The teams haven’t failed to impress. That Capstone team that visited the Mayo Clinic invented a device that takes the guesswork out of inserting needles into the spine. Last summer, team members launched the startup Ethos Medical to continue their journey to market. Another student group engineered a tampon insertion aid, solving a significant challenge for women who have limited use of their hands. They went on to start a company called Tina Healthcare.
Both Ethos Medical and Tina could become the next Sanguina, a shining-star startup launched in 2014 out of the Coulter lab of professor Wilbur Lam, largely on the ingenuity of then-student Erika Tyburski. She devised AnemoCheck, a single-prick blood test for anemia that reports results in two minutes. The FDA green-lighted AnemoCheck in 2017, signaling the potential of students to take a product all the way to the finish line.
“As many as half of our student teams file a provisional patent application by the end of the semester,” Rains says. “At the same time, getting all the way to market is hard because of government regulation. It takes years and a lot of money and hard work.”
It helps that the faculty leading Coulter’s Capstone are themselves entrepreneurs. Stubbs had five startups spanning a venerable career, two of which he sold. Rains developed products for two medical device giants before joining his alma mater in 2012 to direct Capstone.
But he hasn’t parked his entrepreneurial ambition. In 2016, Rains founded Jackson Medical around a product he had engineered, a safety cap for surgical light cables. The cap, now marketed as GloShield, prevents carelessly placed lights in an operating room from setting materials on fire. GloShield was introduced to the market last summer.

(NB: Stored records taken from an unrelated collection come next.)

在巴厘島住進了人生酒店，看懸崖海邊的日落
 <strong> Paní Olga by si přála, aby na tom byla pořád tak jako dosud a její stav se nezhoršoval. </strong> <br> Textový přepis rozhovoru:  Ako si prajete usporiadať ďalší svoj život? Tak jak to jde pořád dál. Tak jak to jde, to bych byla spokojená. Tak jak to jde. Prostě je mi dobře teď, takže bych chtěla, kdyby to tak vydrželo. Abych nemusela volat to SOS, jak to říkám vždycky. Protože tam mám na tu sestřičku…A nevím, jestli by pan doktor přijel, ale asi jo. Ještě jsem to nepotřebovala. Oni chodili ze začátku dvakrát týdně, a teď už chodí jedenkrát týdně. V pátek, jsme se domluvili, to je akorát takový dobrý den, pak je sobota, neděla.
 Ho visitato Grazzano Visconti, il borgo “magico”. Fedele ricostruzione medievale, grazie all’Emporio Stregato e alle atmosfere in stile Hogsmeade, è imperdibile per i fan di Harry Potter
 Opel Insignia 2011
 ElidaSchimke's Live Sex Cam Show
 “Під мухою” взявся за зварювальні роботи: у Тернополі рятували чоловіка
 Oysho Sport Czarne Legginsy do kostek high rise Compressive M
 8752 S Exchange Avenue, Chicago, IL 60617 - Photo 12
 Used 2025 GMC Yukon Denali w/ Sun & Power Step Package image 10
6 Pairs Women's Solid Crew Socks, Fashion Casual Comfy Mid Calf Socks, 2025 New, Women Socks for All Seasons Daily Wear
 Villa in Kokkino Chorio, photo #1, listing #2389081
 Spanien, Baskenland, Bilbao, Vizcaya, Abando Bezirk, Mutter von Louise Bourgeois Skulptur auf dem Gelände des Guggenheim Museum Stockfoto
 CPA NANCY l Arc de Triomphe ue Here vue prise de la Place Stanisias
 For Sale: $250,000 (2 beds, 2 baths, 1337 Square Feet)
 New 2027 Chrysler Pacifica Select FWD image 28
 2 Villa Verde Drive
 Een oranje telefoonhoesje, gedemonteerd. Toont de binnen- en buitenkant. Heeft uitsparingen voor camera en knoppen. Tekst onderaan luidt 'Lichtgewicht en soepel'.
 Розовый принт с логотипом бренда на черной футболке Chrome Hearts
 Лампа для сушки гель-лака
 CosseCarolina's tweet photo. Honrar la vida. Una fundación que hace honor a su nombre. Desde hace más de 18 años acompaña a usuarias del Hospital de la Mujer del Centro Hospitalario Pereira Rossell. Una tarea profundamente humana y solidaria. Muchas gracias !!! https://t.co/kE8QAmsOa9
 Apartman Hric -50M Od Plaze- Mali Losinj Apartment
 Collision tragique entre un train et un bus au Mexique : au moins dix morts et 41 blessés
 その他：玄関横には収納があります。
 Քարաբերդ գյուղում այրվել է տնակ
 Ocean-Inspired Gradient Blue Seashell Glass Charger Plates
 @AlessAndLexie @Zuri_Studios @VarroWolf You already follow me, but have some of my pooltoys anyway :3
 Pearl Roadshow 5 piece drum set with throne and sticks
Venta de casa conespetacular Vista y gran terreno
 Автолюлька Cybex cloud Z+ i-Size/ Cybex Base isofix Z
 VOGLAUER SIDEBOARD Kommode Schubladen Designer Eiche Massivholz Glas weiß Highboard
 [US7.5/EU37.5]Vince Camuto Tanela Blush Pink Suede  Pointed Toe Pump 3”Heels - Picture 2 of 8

Margulies says startups like Jackson Medical reflect the enterprising drive of more than a few Coulter faculty.
“There’s a difference between translation and entrepreneurship,” she says. “Many of our faculty actually take the baton from the laboratory into the prototype stage and then on to the launch of a company. They see this as the best way to make a difference in the lives of others.”
Exactly why the Department is able to spawn such innovation is a question with many answers. Dahlman cites physical infrastructure and talented students and colleagues as the foundation. But he adds, “the administration is supportive, and you can do any experiment you want. Plus, there’s this general feeling that if it hasn’t been done before, we’ll be the ones to do it.”
James Stubbs, who has lived the life of an entrepreneur, echoes that sentiment. “A lot of places are very afraid to try something because they’re afraid of making a mistake,” he says. “But the Coulter Department really hasn’t shown any hesitancy for trying new things. And that’s the mark of a true entrepreneur.”